Only the text of the records, copied exactly, is wanted; no pictures.

Stored data entries:
====

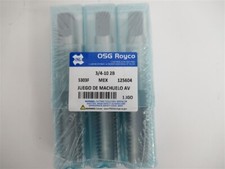 OSG 5303F , 125604 , 3/4-10 UNC Tap Set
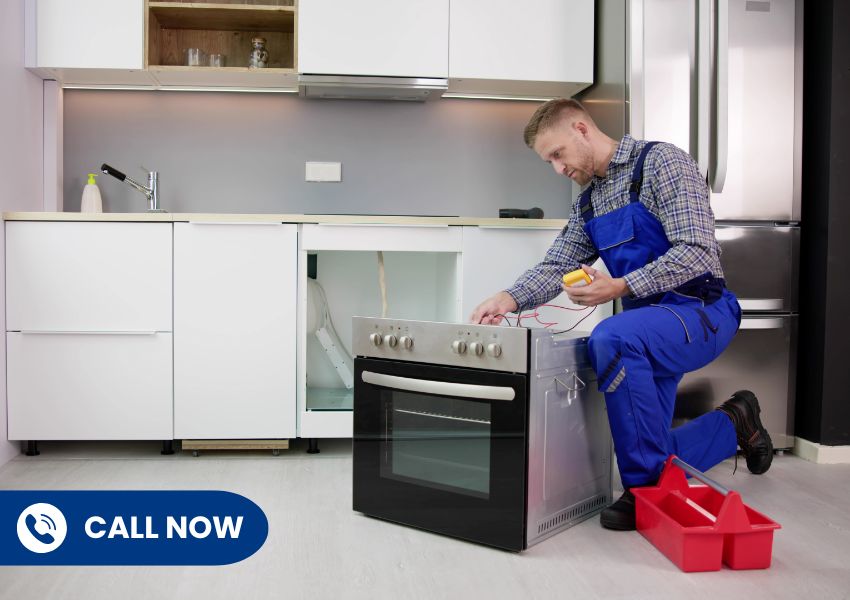 Appliance Repair Services in Kiowa, KS
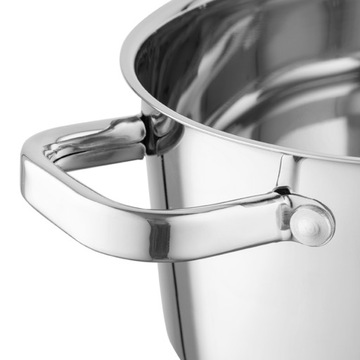 FLORINA Dover набор горшков 8 предметов INOX индукционная Сковорода Кастрюля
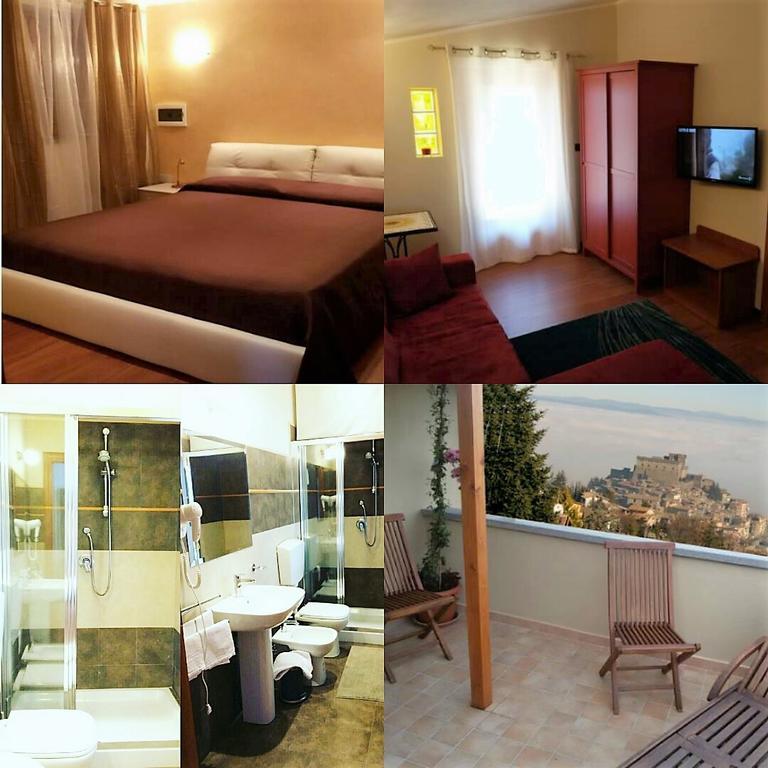 La Bastia Hotel & Resort Soriano nel Cimino Eksteriør billede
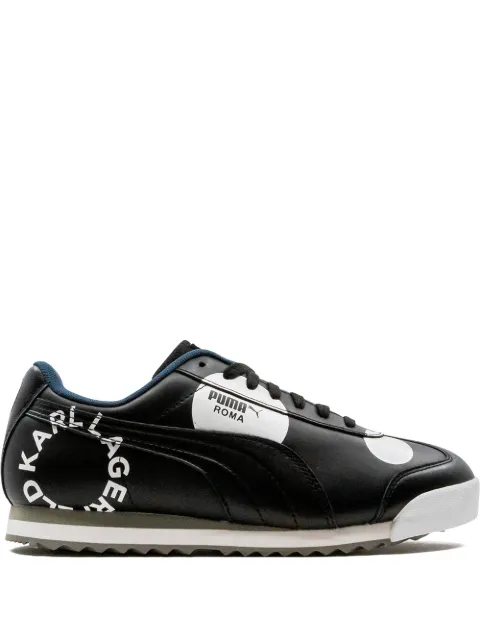 PUMA x Karl Lagerfeld Roma Polka Dot sneakers Black 37123401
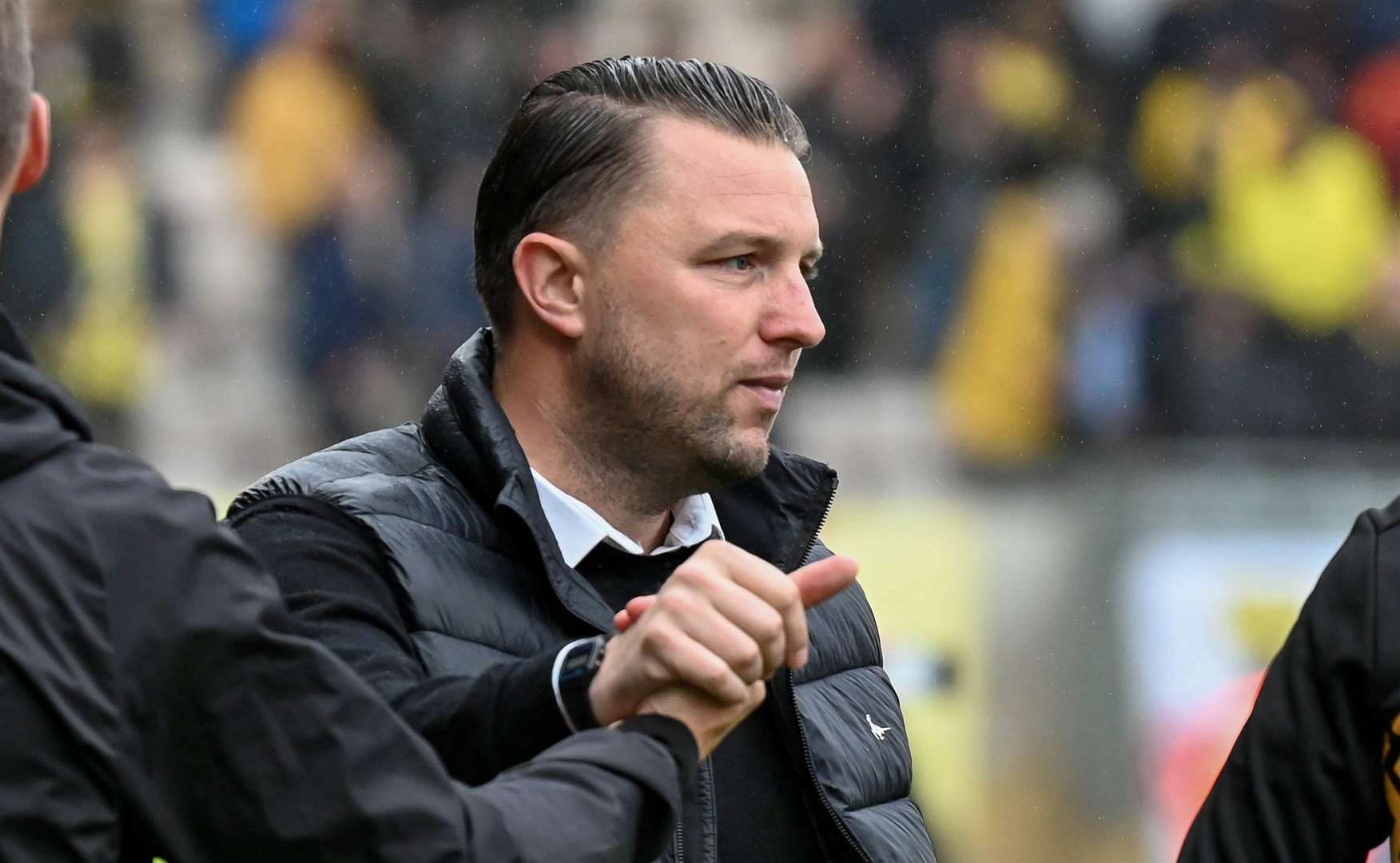 Cambridge United head coach Mark Bonner. Picture: Simon Lankester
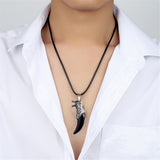 Pendentif Loup<br> Dent de Roi - Loup-Faction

====

### Expected output
 OSG 5303F , 125604 , 3/4-10 UNC Tap Set
 Appliance Repair Services in Kiowa, KS
 FLORINA Dover набор горшков 8 предметов INOX индукционная Сковорода Кастрюля
 La Bastia Hotel & Resort Soriano nel Cimino Eksteriør billede
 PUMA x Karl Lagerfeld Roma Polka Dot sneakers Black 37123401
 Cambridge United head coach Mark Bonner. Picture: Simon Lankester
 Pendentif Loup<br> Dent de Roi - Loup-Faction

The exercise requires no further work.